(Data excerpts)
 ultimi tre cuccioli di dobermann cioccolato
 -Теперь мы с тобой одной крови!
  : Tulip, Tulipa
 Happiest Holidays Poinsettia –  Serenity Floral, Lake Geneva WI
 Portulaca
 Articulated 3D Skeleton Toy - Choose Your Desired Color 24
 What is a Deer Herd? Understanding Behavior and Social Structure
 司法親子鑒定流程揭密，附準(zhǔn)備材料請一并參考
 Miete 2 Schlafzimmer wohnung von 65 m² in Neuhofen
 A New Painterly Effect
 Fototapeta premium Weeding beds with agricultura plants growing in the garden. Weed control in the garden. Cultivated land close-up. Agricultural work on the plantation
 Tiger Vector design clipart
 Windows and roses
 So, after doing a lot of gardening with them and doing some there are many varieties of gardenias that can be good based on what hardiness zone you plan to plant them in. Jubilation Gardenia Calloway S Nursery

Required action. Your answer must be a single number: how many lines of the records contain the word "with".

Expected output. 2